I know I tend to dole out the same “It was visually satisfying but inexplicably bereft of substance” line a lot when discussing action films, but I feel the latest Total Recall kind of epitomizes that conclusion. Watching this film is like buying a massive burger and taking a satisfying first bite only to discover that there was only a tiny meat patty in there and now you have to eat loads of warm, soggy salad and warm(ish) stale bread.

The change – from both the book and original film – to cut lose the story of Mars and make it one of economic inequality on Earth was a peculiar choice as it’s not made abundantly clear what (if any struggle) is taking place between the two surviving countries of men before the relentless attack on the poor begins. The plot gives us naught but the thinnest veneer of reason to cover the actions of its desperate-to-shoot-something or someone inhabitants, so when that’s coupled with the complete lack of chemistry between the characters and dialogue with less weight than the beer bottle I left outside… we’re not left with much.

Yeah, the actions scenes are pretty, and the special effects fairly wow-tastic, but the film feels flat.

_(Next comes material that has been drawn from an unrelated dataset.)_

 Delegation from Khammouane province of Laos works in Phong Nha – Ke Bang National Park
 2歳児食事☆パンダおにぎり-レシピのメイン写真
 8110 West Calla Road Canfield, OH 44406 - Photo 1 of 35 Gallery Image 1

There’s none of Paul Verhoeven’s fusion of over the top testosterone fuelled violence and cheesy one-liners; there’s no Arnie; there’s no momentum to carry the film between action… but I suppose there IS a lady with three boobs (get excited).

 If you feel that I’ve been heavy handed in my comparison between the two films, it’s because despite Australia becoming inexplicably rainy (like seriously) and a suitable replacement for MARS, there’s not whole lot of difference between them. So, why do it? A fascinating question that I’ll be sure to ask Collin Farrell next time we’re at acting class together (I’m joking, he’s being held back again).

Seriously though? If you love the original, and didn’t like the trailer for this beast, it’s not going to change your mind. If you’re a new comer to the concept and just want a film that will look cool-beans on the big screen, you’ve chosen wisely.